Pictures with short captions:
- - -
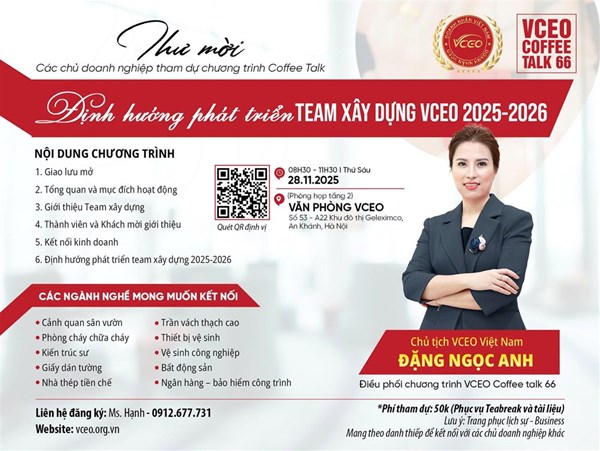 VCEO Coffee talk 66: Định hướng phát triển Team xây dựng VCEO 2025 - 2026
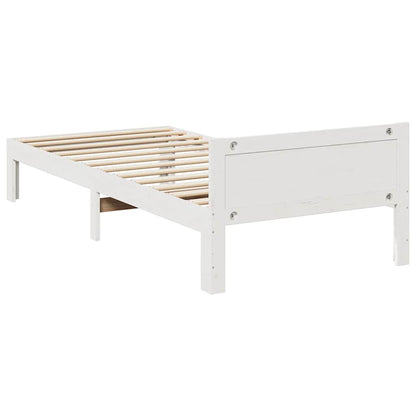 vidaXL Lit en bois massif sans matelas Blanc 90x200 cm Bois de pin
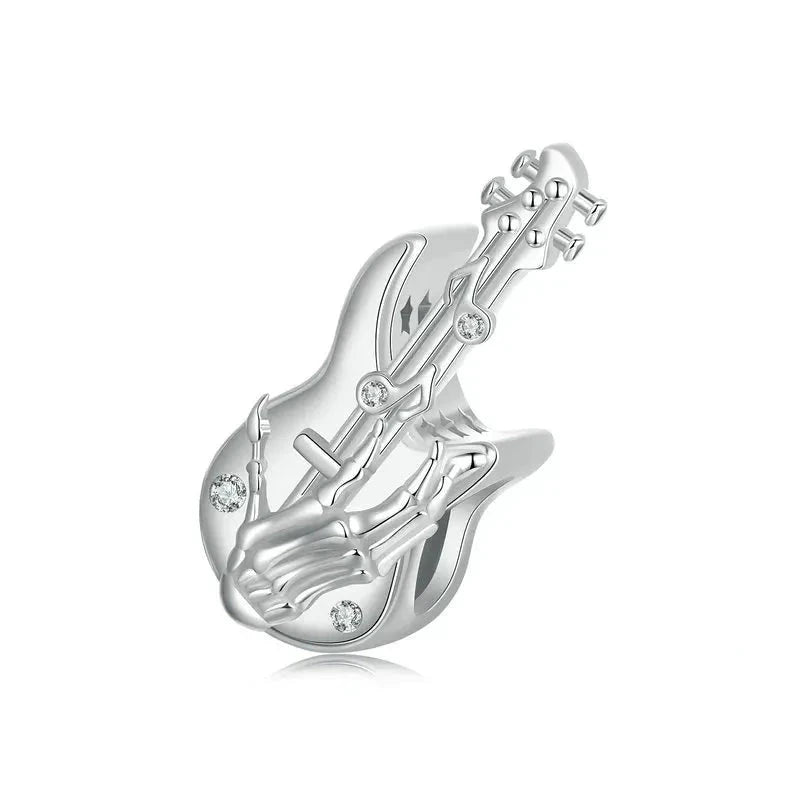 925 Sterling Silver Skull Hand Bass Charm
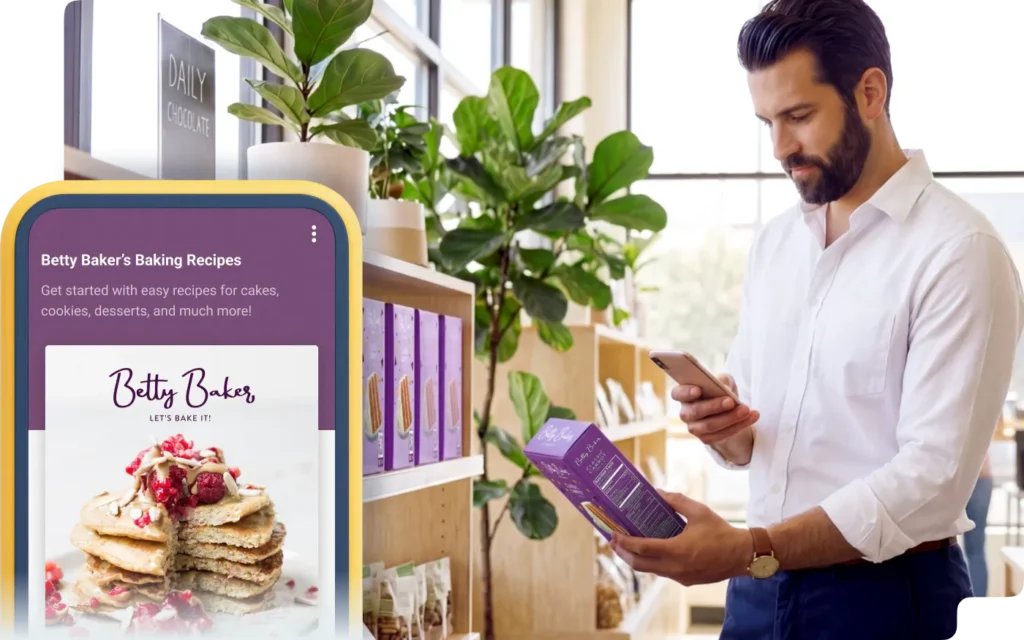 A purple package of a dark chocolate hazelnut bar with a QR Code printed on it.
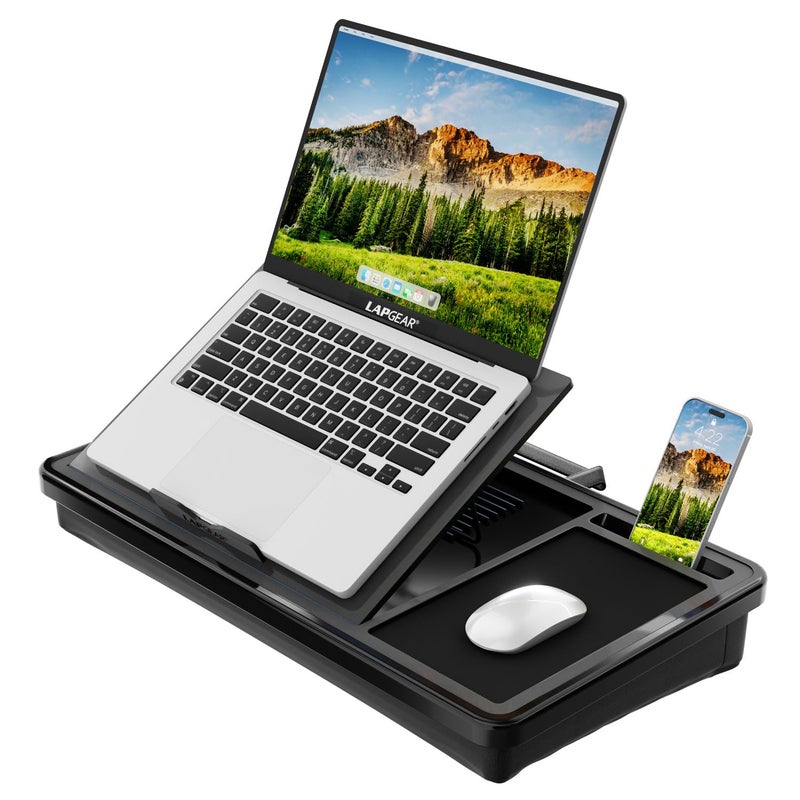 LAPGEAR Ergonomic Pro 2.0 Lap Desk with 9 Adjustable Heights, Built-in Mouse Pad & Phone Slot - Full Microbead Cushion, Storage Pocket - Fits Laptops up to 15.6" - Black - Style No. 49508 - Image 1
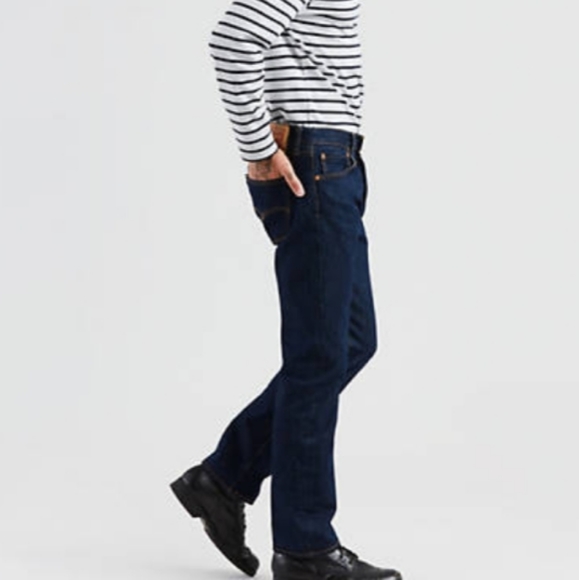 Levi's 501 Button Fly Dark Wash Jeans - Picture 4 of 8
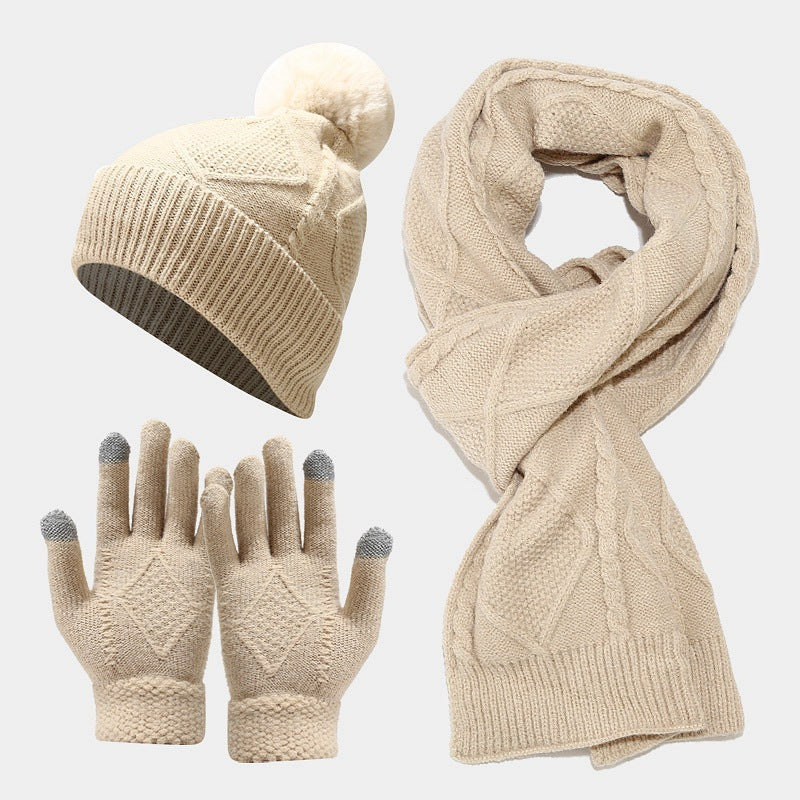 Three Piece Set Of Autumn And Winter Hats, Scarves, Gloves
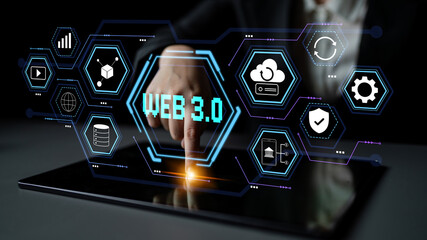 A futuristic user interface for Web 3.0 technology and applications. An overview of decentralized services like DeFi, cloud storage, and security. Motif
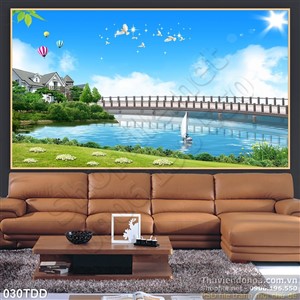Tranh Đại Dương, cá heo 3D dán tường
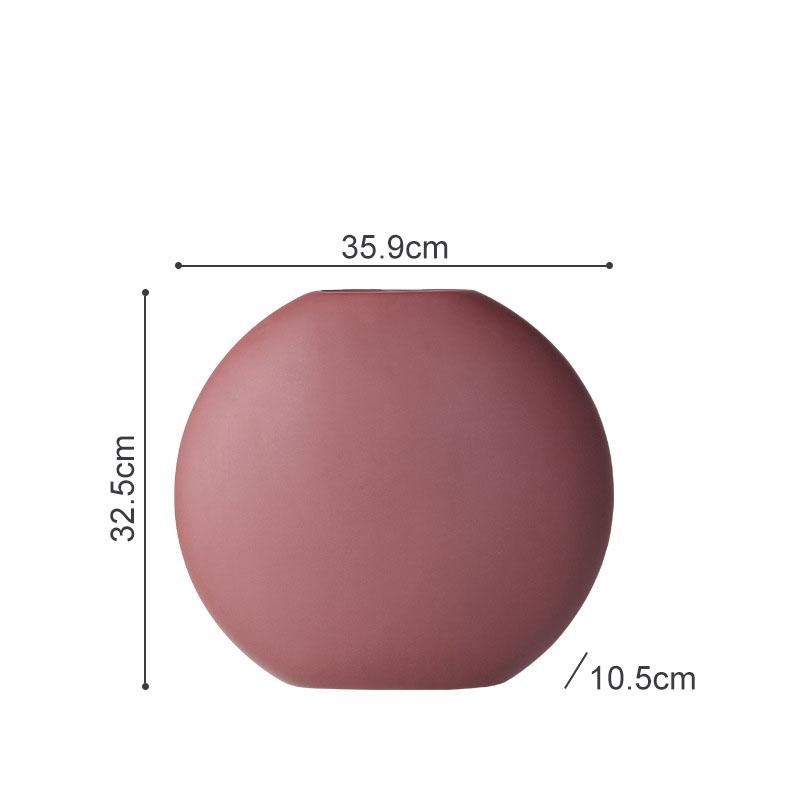 Minimalist Flat Ceramic Vase Creative Round Plant Pots Table Decoration Flowers Arrangement Floral Vases Room Aesthetic Decor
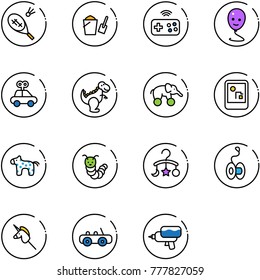 line vector icon set - badminton vector, bucket scoop, joystick wireless, balloon smile, car toy, dinosaur, elephant wheel, game console, horse, caterpillar, baby carousel, yoyo, unicorn stick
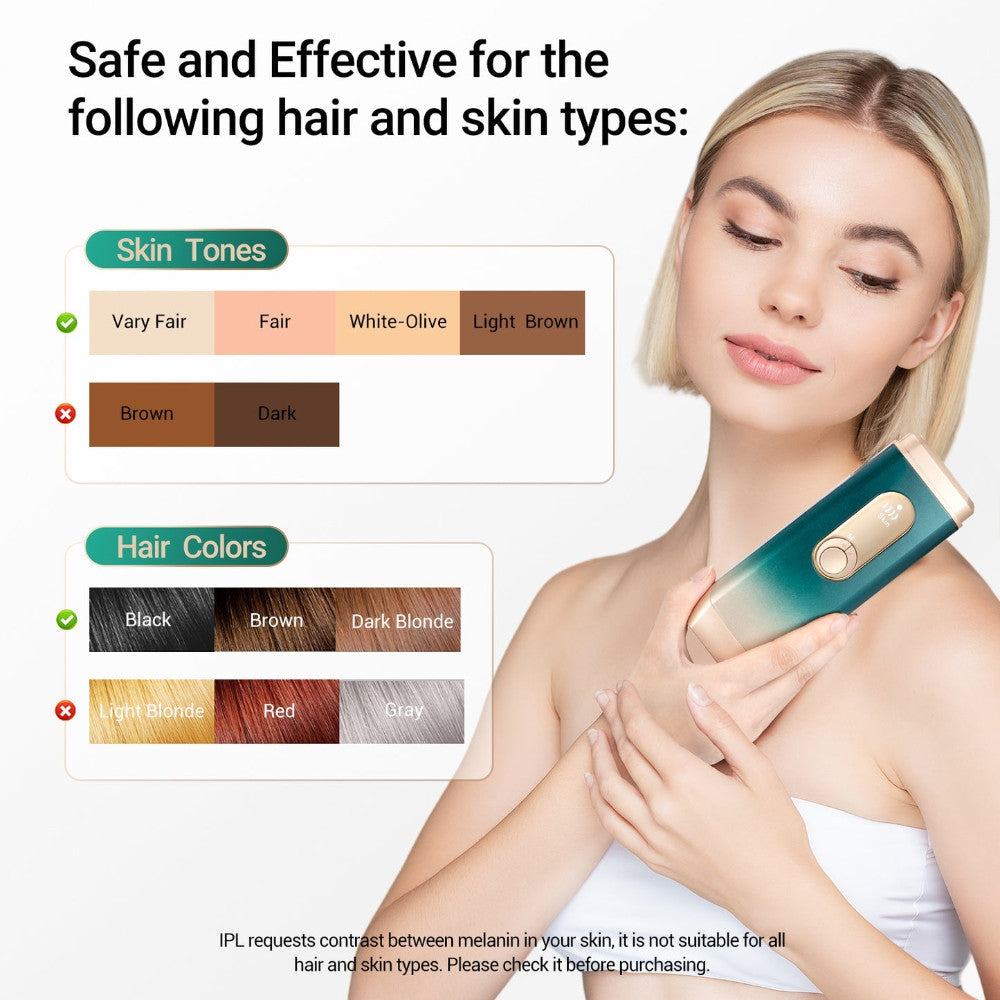 High Energy Face And Body Cooling IPL Hair Removal Device Hair and Skin Compatibility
- - -
Find the line that contains "925 Sterling Silver Skull Hand Bass Charm". Reproduce it and every later line of the records exactly, minus the pictures.

EXERCISE RESPONSE:
 925 Sterling Silver Skull Hand Bass Charm
 A purple package of a dark chocolate hazelnut bar with a QR Code printed on it.
 LAPGEAR Ergonomic Pro 2.0 Lap Desk with 9 Adjustable Heights, Built-in Mouse Pad & Phone Slot - Full Microbead Cushion, Storage Pocket - Fits Laptops up to 15.6" - Black - Style No. 49508 - Image 1
 Levi's 501 Button Fly Dark Wash Jeans - Picture 4 of 8
 Three Piece Set Of Autumn And Winter Hats, Scarves, Gloves
 A futuristic user interface for Web 3.0 technology and applications. An overview of decentralized services like DeFi, cloud storage, and security. Motif
Tranh Đại Dương, cá heo 3D dán tường
 Minimalist Flat Ceramic Vase Creative Round Plant Pots Table Decoration Flowers Arrangement Floral Vases Room Aesthetic Decor
 line vector icon set - badminton vector, bucket scoop, joystick wireless, balloon smile, car toy, dinosaur, elephant wheel, game console, horse, caterpillar, baby carousel, yoyo, unicorn stick
 High Energy Face And Body Cooling IPL Hair Removal Device Hair and Skin Compatibility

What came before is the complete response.